What the task requires:
First find the line with "Poster - Elegant", then reproduce it and all following lines of the data to the end, exactly and with no pictures, adding nothing.

Short descriptive text snippets:
—————

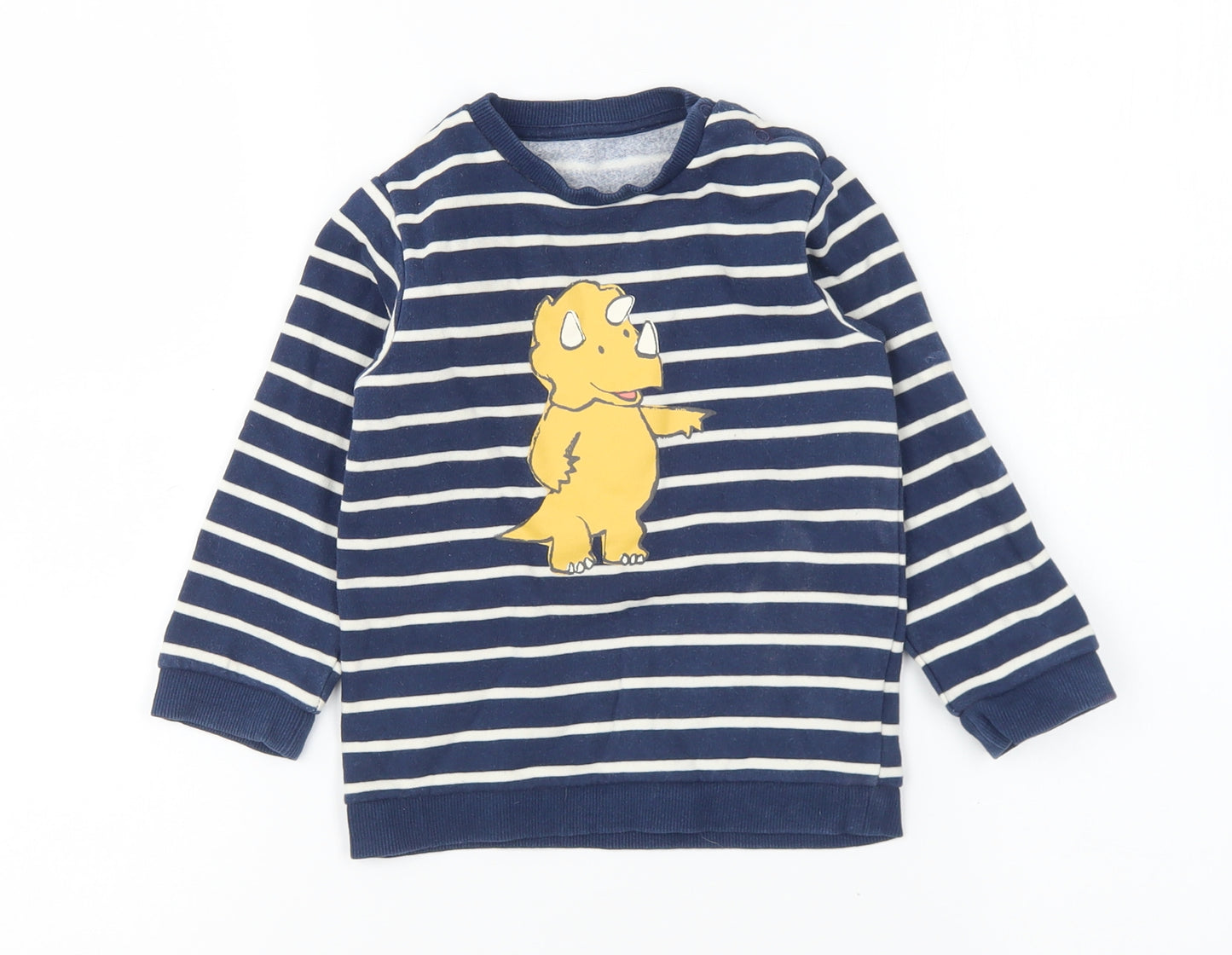 Marks and Spencer Baby Blue Striped Cotton Pullover Jumper Size 18-24 Months Snap - Dinosaur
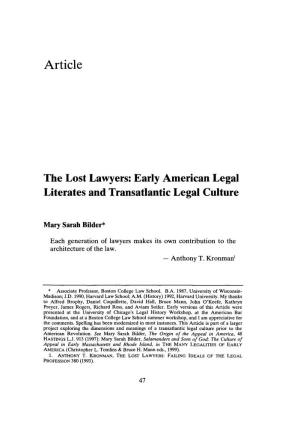 The Lost Lawyers: Early American Legal Literates and Transatlantic Legal Culture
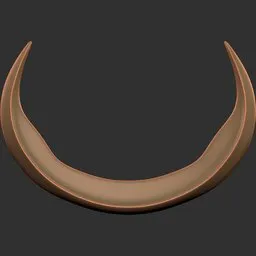 3D model sculpting brush imprint of a smooth crescent shape for decorative detailing in Blender 3D modeling.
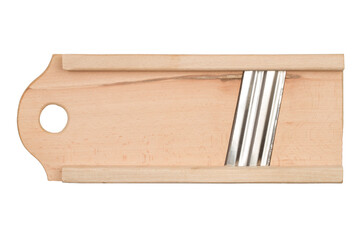 Wooden vegetable grater on a white background. The kitchen vegetable grater is isolated.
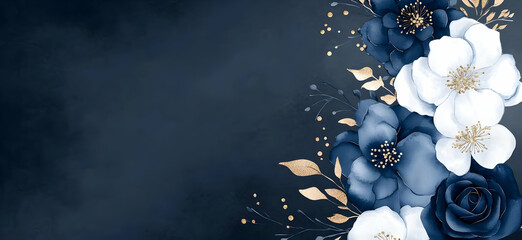 Poster - Elegant floral design featuring white and blue flowers with a dark background, perfect for backgrounds and decorative elements.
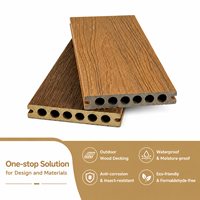 Plancher en composite WPC co-extrudé bois-plastique, résistant à l'humidité et à la décomposition, système de fixation par clipsage double, pour terrasse extérieure et jardin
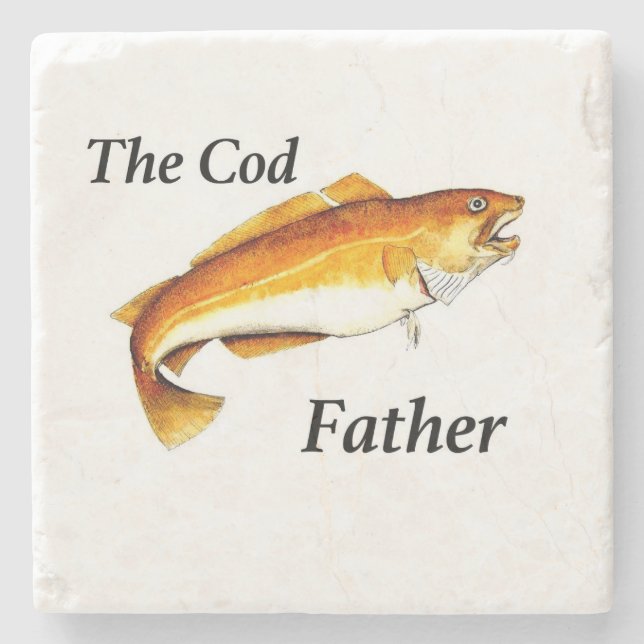 The Cod Father ideal fishing present. Stone Coaster (Front)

—————

Task result:
 Poster - Elegant floral design featuring white and blue flowers with a dark background, perfect for backgrounds and decorative elements.
 Plancher en composite WPC co-extrudé bois-plastique, résistant à l'humidité et à la décomposition, système de fixation par clipsage double, pour terrasse extérieure et jardin
 The Cod Father ideal fishing present. Stone Coaster (Front)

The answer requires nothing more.